Besides its recycled name, the T-Mobile MyTouch Q (Huawei) might also confuse you with its doppelganger looks. The handset is practically a mirror image of its predecessor, the first T-Mobile MyTouch Q manufactured by LG. Both phones feature slide-out keyboards and are crafted from modest black plastic.
The two devices are similarly sculpted in gentle curves as well and have back covers with soft-touch coatings. I prefer the old MyTouch Q's rear surface, though, which has a smoother more premium feel compared with Huawei’s model. That said, each of the phones' back plates are easy to grip and soak up fingerprints admirably.
Measuring 4.9 inches tall by 2.5 inches wide by 0.6 inch thick, one difference is that this MyTouch Q is slightly larger than LG’s device. Weighing a hefty 6.5 ounces, the new handset is about an ounce heavier too but features a larger screen.
You’ll find a bigger 4-inch LCD screen on Huawei’s version of the T-Mobile MyTouch Q compared with the 3.5-inch (480 x 320) display on the older LG model. In addition, the new MyTouch Q offers a higher 800x480-pixel resolution than the LG MyTouch Q. That said, when I viewed both side by side, the screen on Huawei’s device was darker and produced relatively muted colors with narrower viewing angles. Stacked up against the premium HTC One S, neither MyTouch Q came close to matching the color saturation, contrast, or brightness of this premium smartphone’s AMOLED display (4.3 inch, 960x540 pixel).
Above the screen is a 0.3-megapixel front-facing camera for video chats and snapping profile shots. Below the display are four capacitive buttons, the first three being symbols for standard Android functions (Menu, Home, Back). The fourth uses the traditional "g" letter indicating it launches T-Mobile’s Genius voice command feature.
The MyTouch Q’s left side holds its Micro-USB port and tiny volume buttons while on top of the phone are a power key and 3.5mm headphone jack. Located on the right edge is a dedicated camera button, something the previous MyTouch Q lacked, but it doesn’t wake the phone if its in sleep mode.
On back is the MyTouch Q's 5-megapixel camera with LED flash along with a speaker grille. Ripping off the phone's back panel uncovers its removable battery, and slots for SIM card, and microSD Card. You can swap microSD Cards in and out without disturbing the battery but not SIM Cards.
To open the T-Mobile MyTouch Q's physical keyboard, just rotate the phone counterclockwise and slide the screen upward. Doing so reveals its four row keyboard that uses rounded oval-shaped keys. Honestly, I’m not a big fan of the keyboard's design since its keys are small and feel stiff.
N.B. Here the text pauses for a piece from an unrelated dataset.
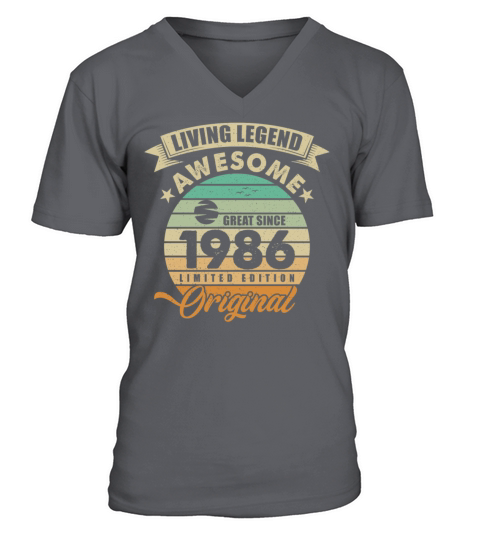 Vintaga 1986 Birthday V-Neck T-shirt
They do provide a satisfying click when pressed though.
Also, while the old MyTouch Q’s key arrangement wasn't great, I prefer it to this new Huawei creation. LG's MyTouch was also four rows tall but measured 12 keys across (as opposed to 10 on the Huawei device) and offered more dedicated shortcut buttons. For instance there are ".com" and "SYM" symbol buttons plus a "Text" key for quickly launching the messaging app, all absent on the Huawei MyTouch Q. Huawei does equip the MyTouch Q with four arrow keys, a feature LG's device lacked.
To really experience how a physical keyboard should be built, check out the Motorola Droid 4 (Verizon), which boasts a full five rows (12 keys across), supple yet snappy gummy keys, a much longer spacebar, and brighter backlighting.
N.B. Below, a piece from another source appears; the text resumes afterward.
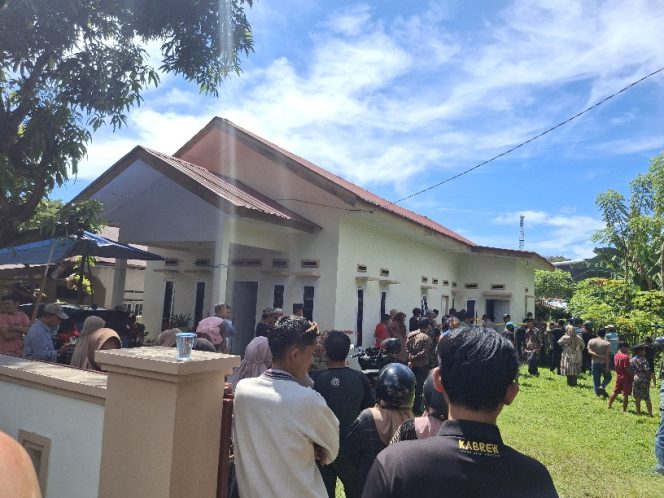 					Situasi di Sekitar Lokasi Kejadian Dipadati Warga. (Foto: Berita.News/ Syarif)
Running the Android 2.3.4 Gingerbread OS, hard-core Android fans will no doubt be disapointed the MyTouch Q doesn't come with Google's latest version, Android 4.1 Jelly Bean, let alone Ice Cream Sandwich (version 4.0). Of course, I can’t fault the older software in a basic, budget Android handset such as this.
The phone does offer all the staple Android capabilities, including Gmail, Google Maps, and access to the more than 700,000 apps, plus movies and books, available for download from the Android Market. The handset can tackle personal and corporate e-mail accounts too, along with the usual text-messaging tasks and GPS navigation. Multimedia is handled through the onboard Google Play Music and Play Movies apps.
A shortcut bar at the bottom of the screen displays the usual icons for phone, text messaging, browser, e-mail, and applications. Unlike its LG predecessor, you can swap out all except for apps and phone for other shortcuts. You can’t however create folders on the any of the phone’s five home screens.